• **Assignment**: Nothing but an exact reproduction of the records, pictures excluded, should be returned.

• **Material to process**:
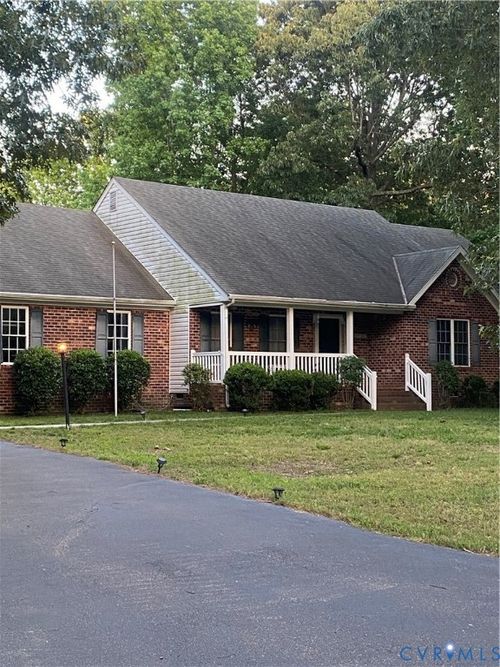 8304 Elizabeth Ann Dr, Mechanicsville, VA, 23111-6094 | Card Image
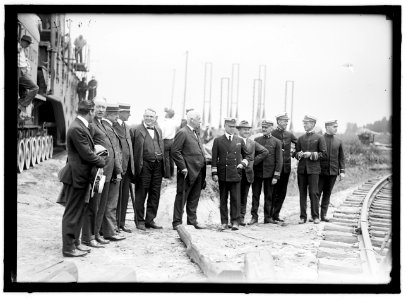 INDIAN HEAD, MD. NAVY PROVING GROUND. GROUP. ADM. EARLE, 6TH FROM RIGHT LCCN2016870316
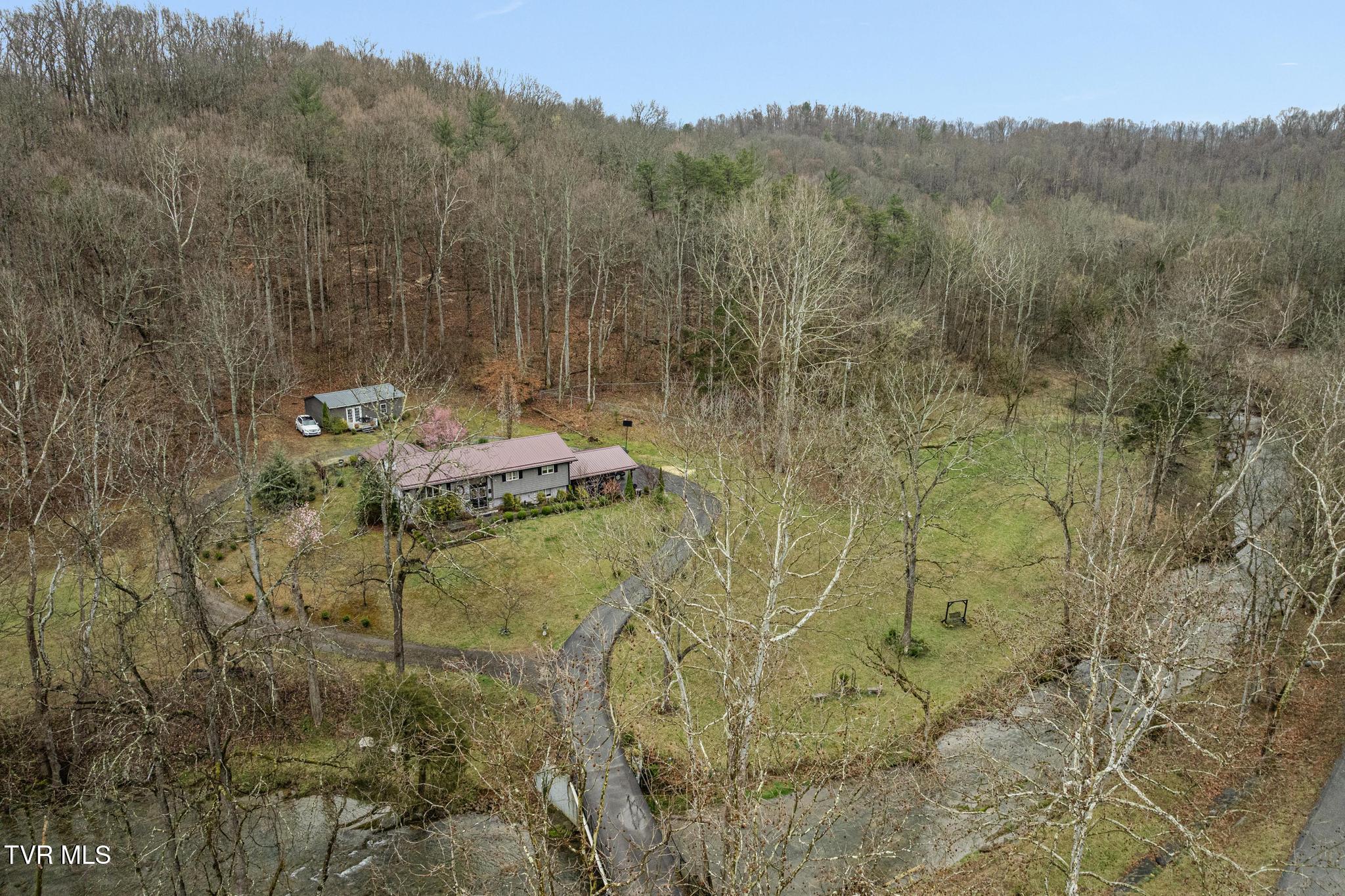 405 Beidleman Creek Road Bristol, TN 37620 - Photo 5 of 63 DJI_0951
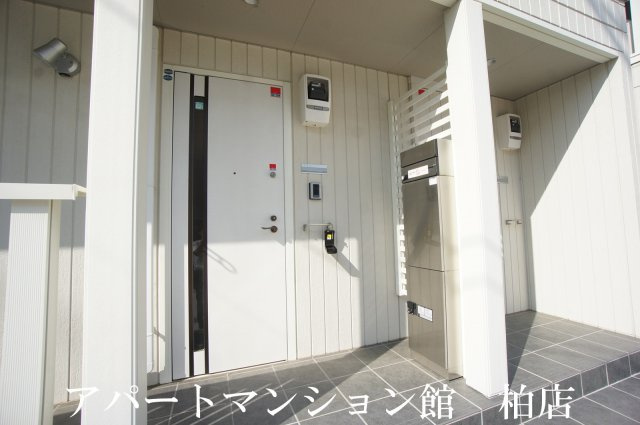 グランドソレイユⅢのエントランス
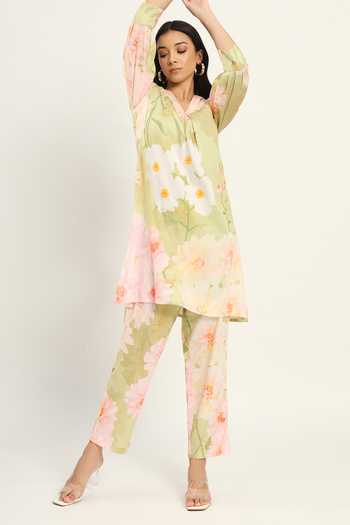 Shop Ruhr India Green Cotton V-neck, Yes Printed Kurta And Pant Set Shop_Ruhr India_Green Cotton V-neck, Yes Printed Kurta And Pant Set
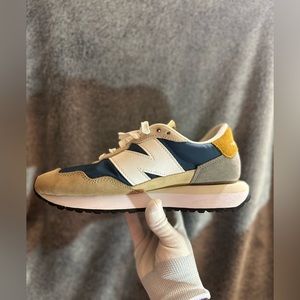 New Balance 237 - Dark Moonstone / Incense /US size M6/W7.5.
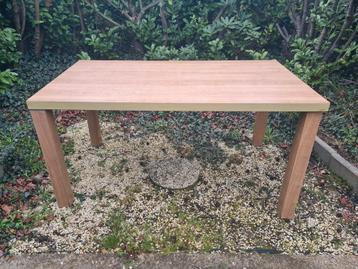 Gratis eettafel ( alleen ophalen ).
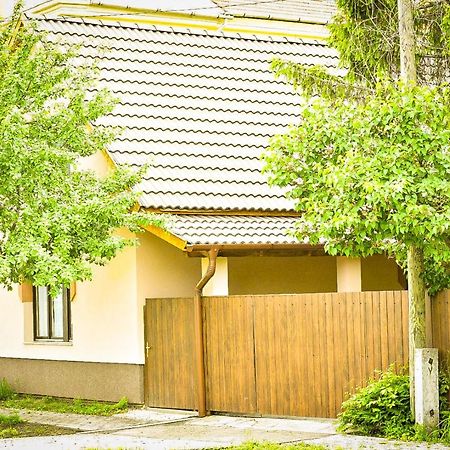 Villa Bardos Vendeghaz Tiszabábolna Exterior foto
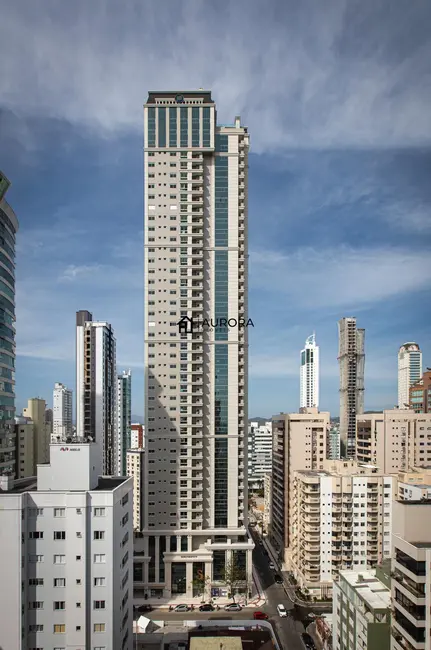 Sala Comercial à venda, 102m2 em Centro, Balneario Camboriu - SC - imagem 6 Foto 6 de Sala Comercial à venda, 102m2 em Centro, Balneario Camboriu - SC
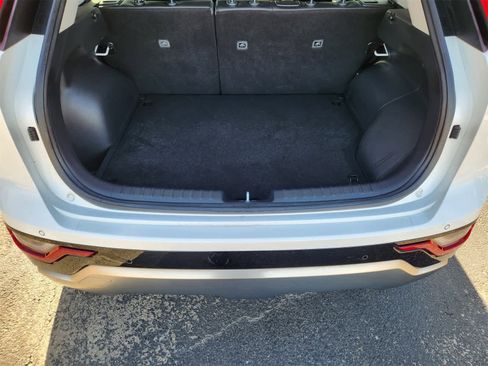 Used 2023 Kia Niro SX Touring image 31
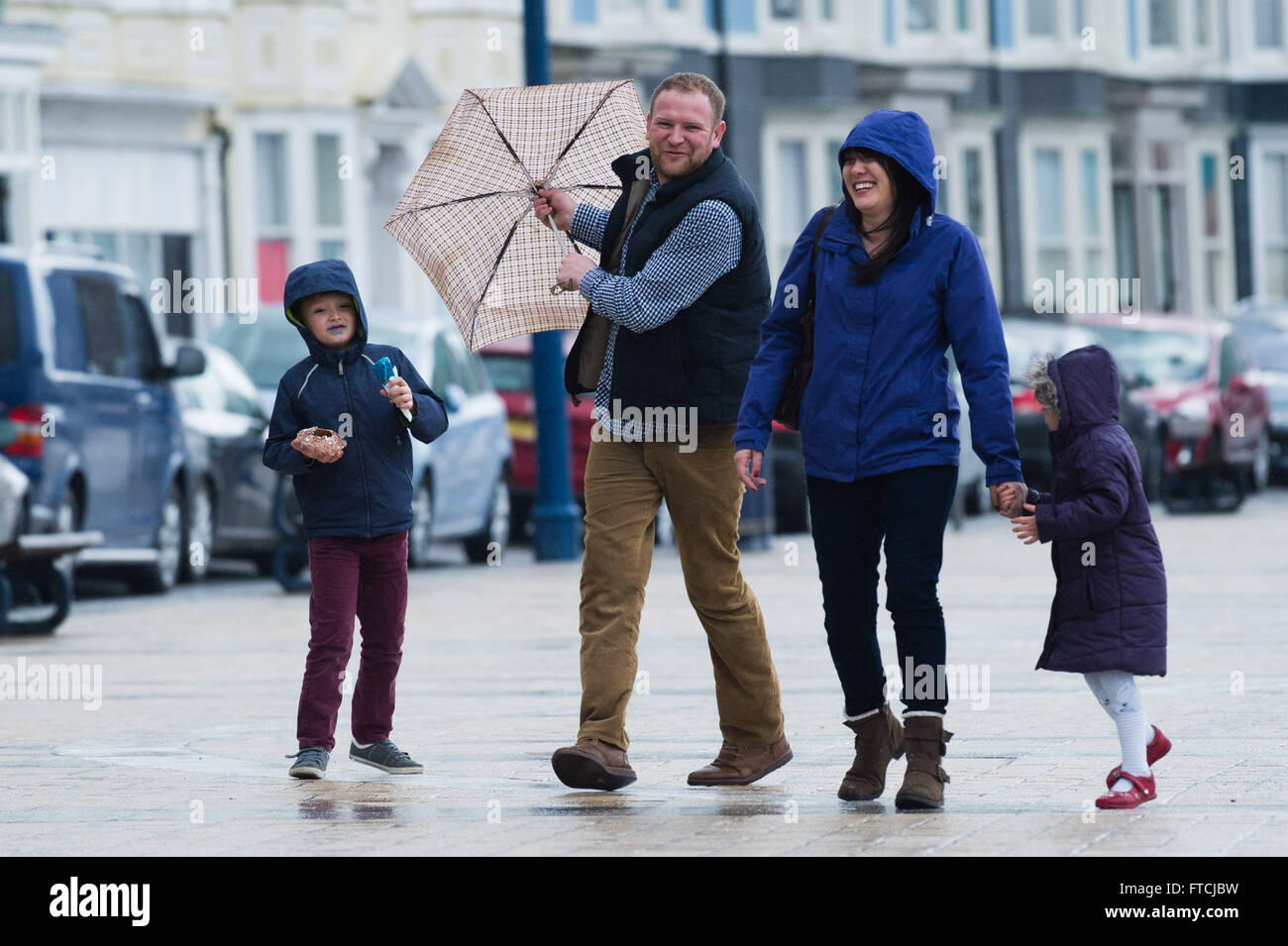Aberystwyth Wales UK, Ostern Sonntag, 27. März 2016 UK Wetter die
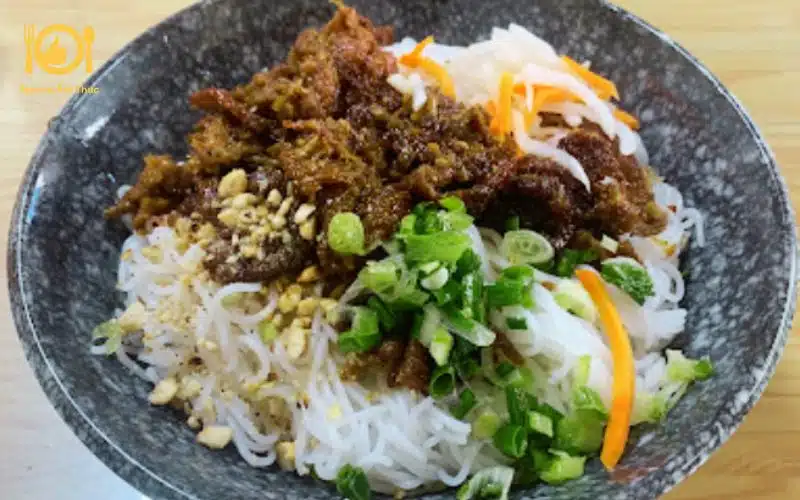 Review quán bún thịt nướng Lộc Nghĩa không thể bỏ qua ở Đà Lạt 9 bún thịt nướng lộc nghĩa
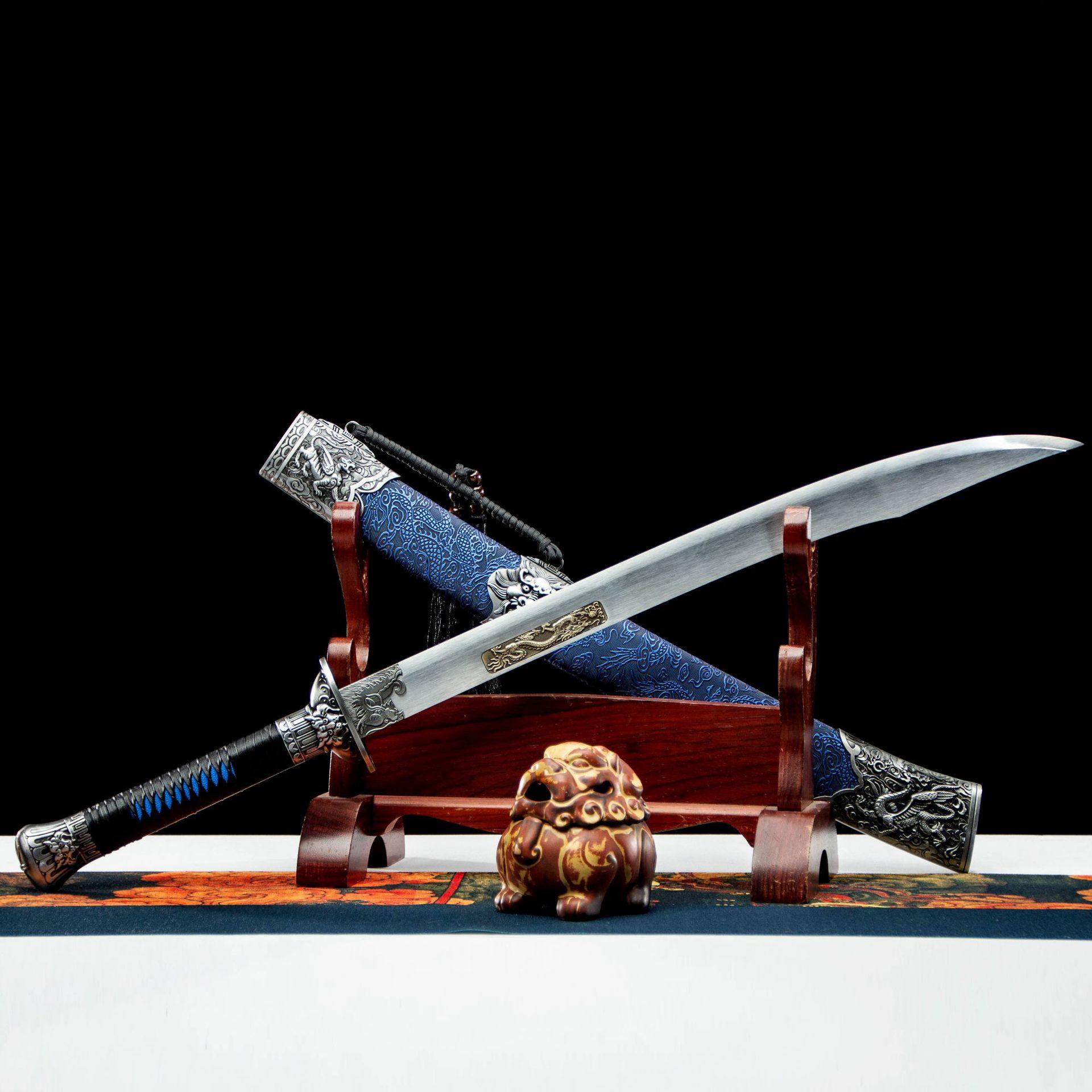 龙泉市刀剑高锰钢龙骨一体牛尾龙虎战刀绣春刀传统宝剑收藏未开刃,特色手工艺,剑袋,淘宝优惠券,粉丝福利购,淘宝优惠卷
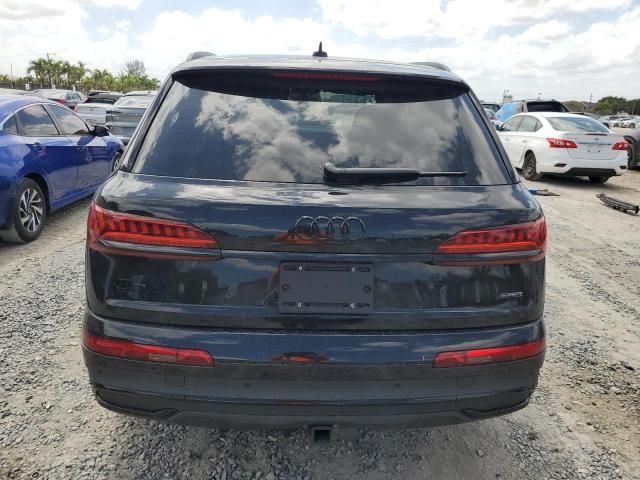 2023 Audi Q7 Premium Plus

• **Task answer**:
 8304 Elizabeth Ann Dr, Mechanicsville, VA, 23111-6094 | Card Image
 INDIAN HEAD, MD. NAVY PROVING GROUND. GROUP. ADM. EARLE, 6TH FROM RIGHT LCCN2016870316
 405 Beidleman Creek Road Bristol, TN 37620 - Photo 5 of 63 DJI_0951
 グランドソレイユⅢのエントランス
 Shop Ruhr India Green Cotton V-neck, Yes Printed Kurta And Pant Set Shop_Ruhr India_Green Cotton V-neck, Yes Printed Kurta And Pant Set
 New Balance 237 - Dark Moonstone / Incense /US size M6/W7.5.
 Gratis eettafel ( alleen ophalen ).
 Villa Bardos Vendeghaz Tiszabábolna Exterior foto
 Sala Comercial à venda, 102m2 em Centro, Balneario Camboriu - SC - imagem 6 Foto 6 de Sala Comercial à venda, 102m2 em Centro, Balneario Camboriu - SC
 Used 2023 Kia Niro SX Touring image 31
Aberystwyth Wales UK, Ostern Sonntag, 27. März 2016 UK Wetter die
 Review quán bún thịt nướng Lộc Nghĩa không thể bỏ qua ở Đà Lạt 9 bún thịt nướng lộc nghĩa
 龙泉市刀剑高锰钢龙骨一体牛尾龙虎战刀绣春刀传统宝剑收藏未开刃,特色手工艺,剑袋,淘宝优惠券,粉丝福利购,淘宝优惠卷
 2023 Audi Q7 Premium Plus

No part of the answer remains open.